▸ PROVIDED DATA
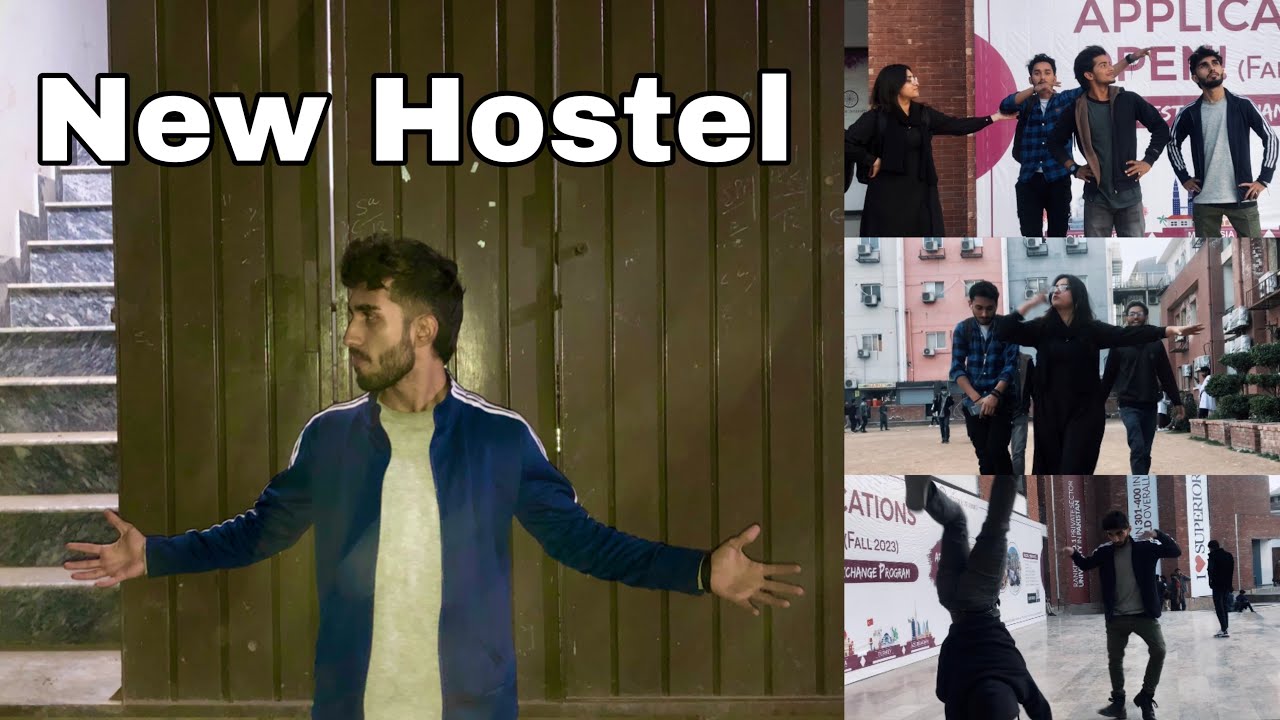 Naya Hostel aur Gangsters of Superior University Lahore😂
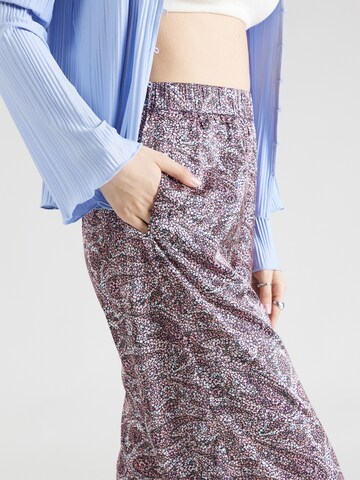 BOSS Wide Leg Hose 'C_Teska' in Mischfarben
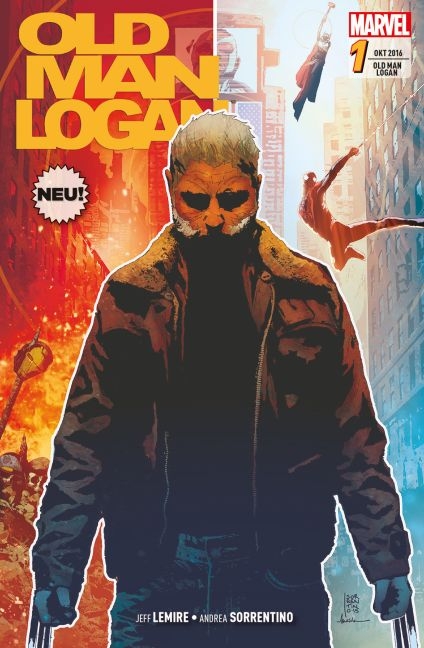 Old Man Logan - Jeff Lemire, Andrea Sorrentino
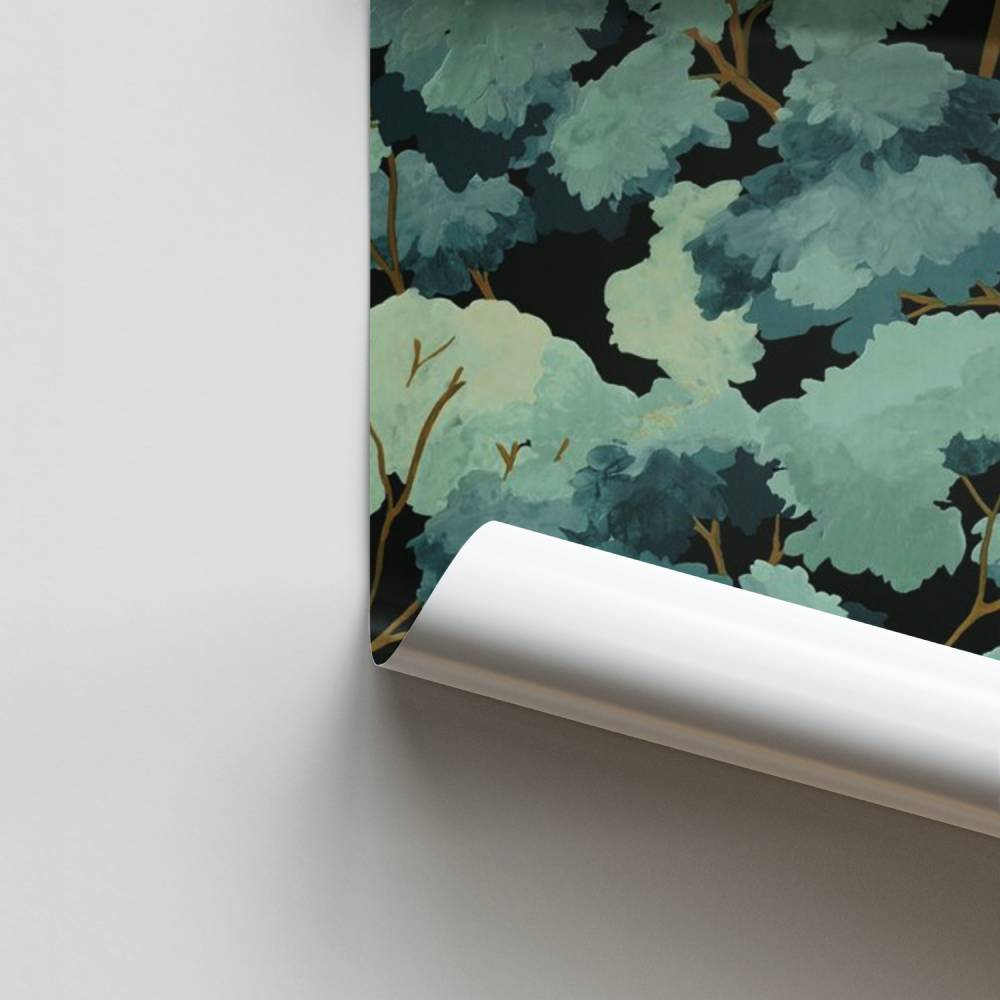 Póster Floresta Nórdica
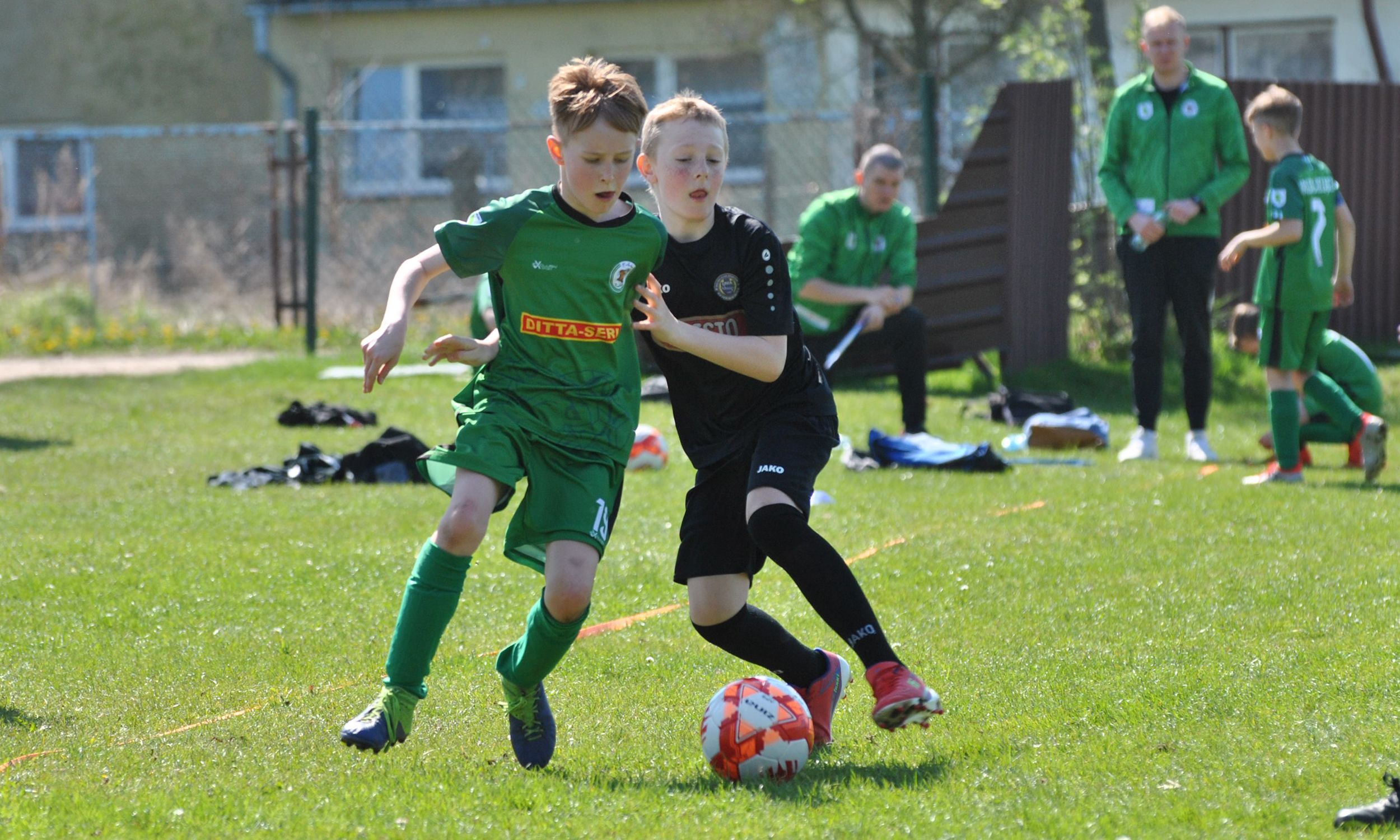 2023.04.22 Orlęta Cielądz vs Unia Skierniewice (E2)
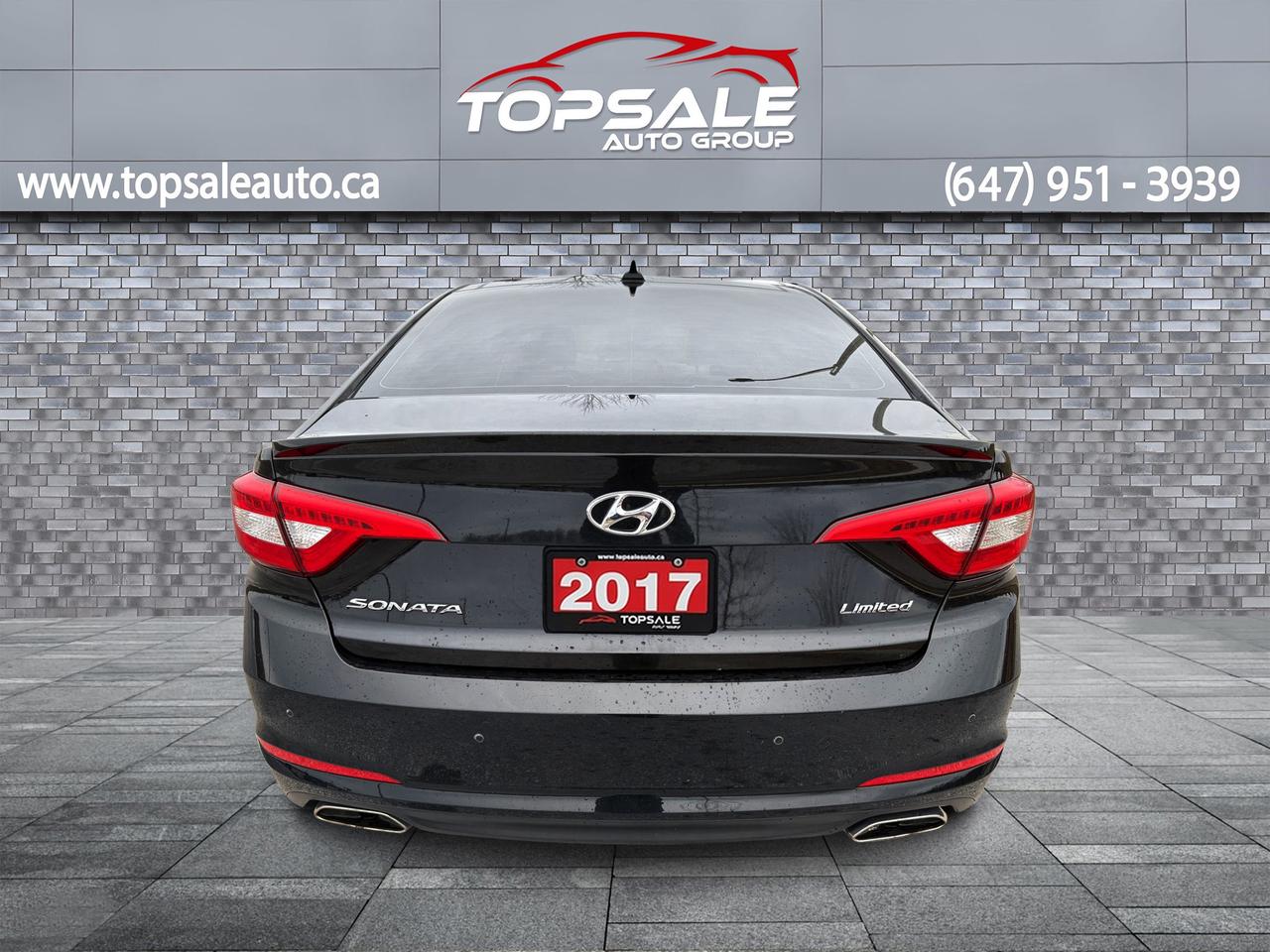 2017 Hyundai Sonata LIMITED Photo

▸ WORK ITEM
No pictures belong in the answer. It must repeat exactly the lines from the line with "Póster Floresta Nórdica" through the final line of the records.

▸ RESPONSE AREA
 Póster Floresta Nórdica
 2023.04.22 Orlęta Cielądz vs Unia Skierniewice (E2)
 2017 Hyundai Sonata LIMITED Photo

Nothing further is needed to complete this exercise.